»»

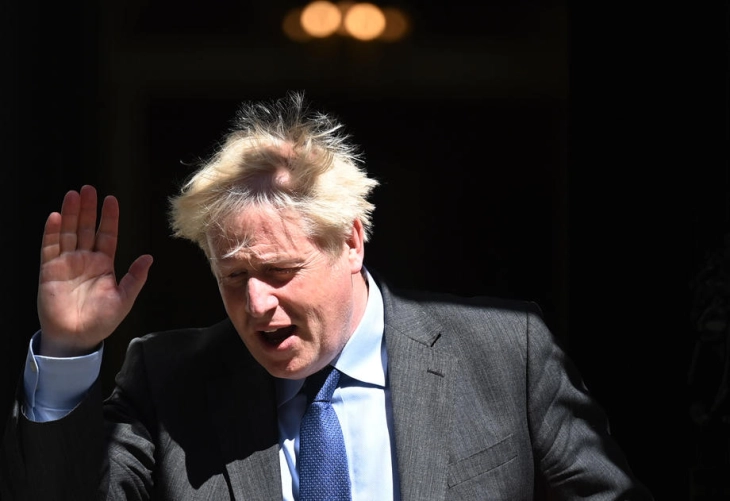 Johnson returns to Britain as party split on expected leadership bid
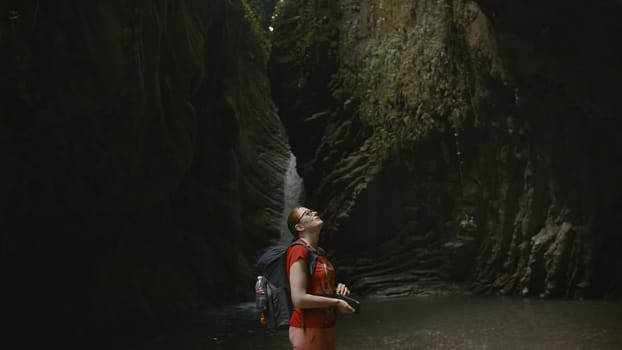 Woman at rocky cave in jungle. Creative. Hiking in rocky landscapes of wild jungle. Beautiful waterfalls and rocks in dark green forest.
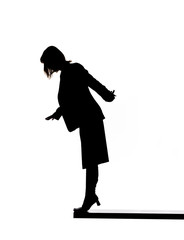 Silhouette of a woman on the edge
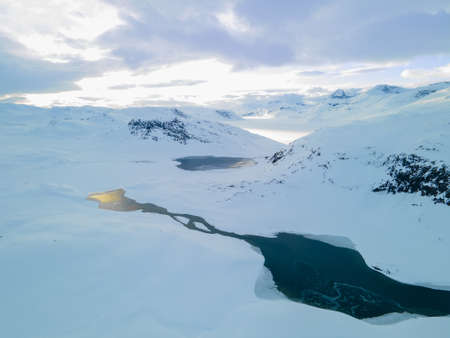 Stunning aerial view of a river flowing through a snow covered tundra and mountain range. High quality photoの写真素材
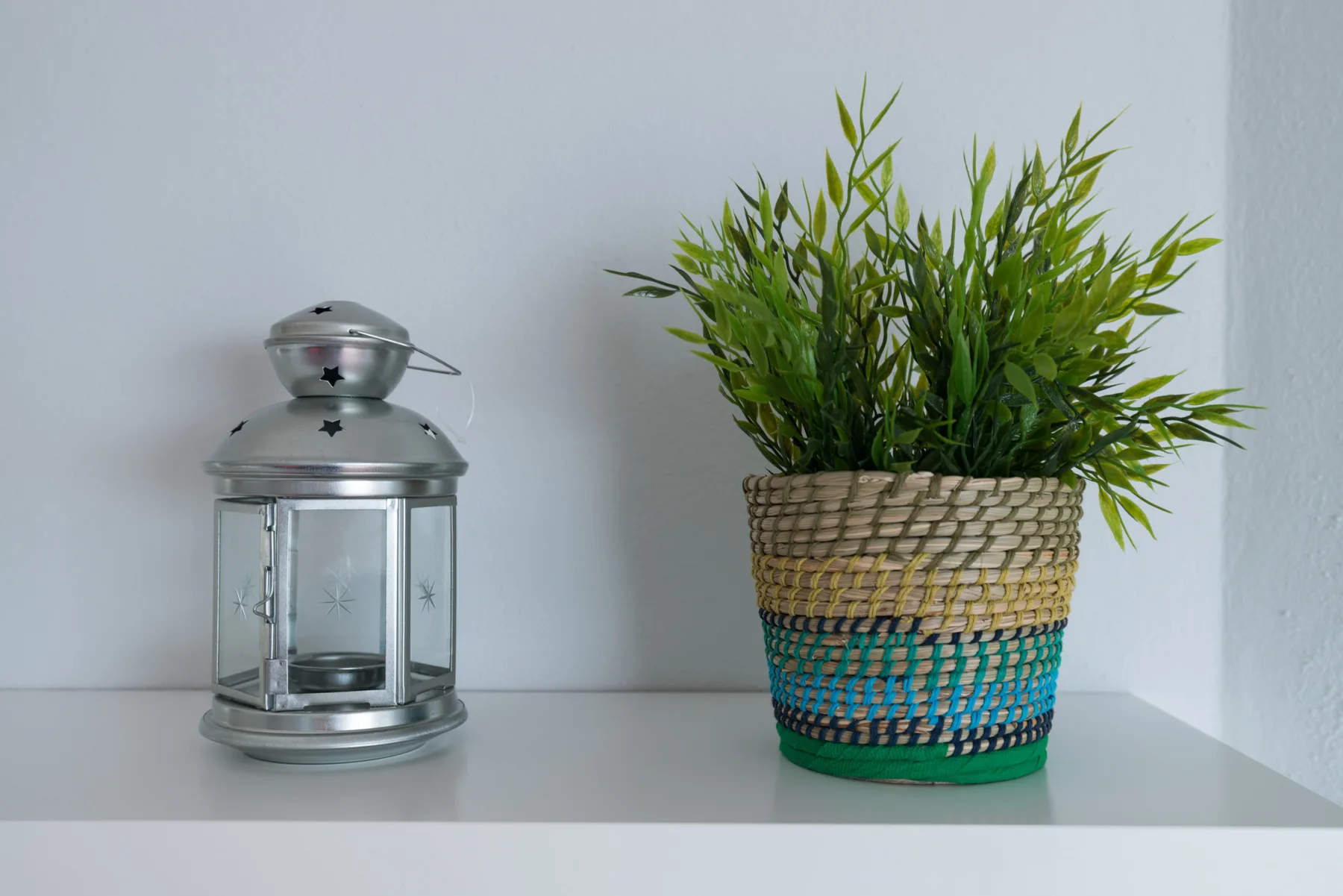 A potted green plant and a metal lantern sit on a white shelf.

««

- [TASK TO COMPLETE]:
Your copy should run from the line that has "Woman at rocky" through the last line above, exactly, with both ends in and pictures out.

- [EXPECTED OUTPUT]:
 Woman at rocky cave in jungle. Creative. Hiking in rocky landscapes of wild jungle. Beautiful waterfalls and rocks in dark green forest.
 Silhouette of a woman on the edge
 Stunning aerial view of a river flowing through a snow covered tundra and mountain range. High quality photoの写真素材
 A potted green plant and a metal lantern sit on a white shelf.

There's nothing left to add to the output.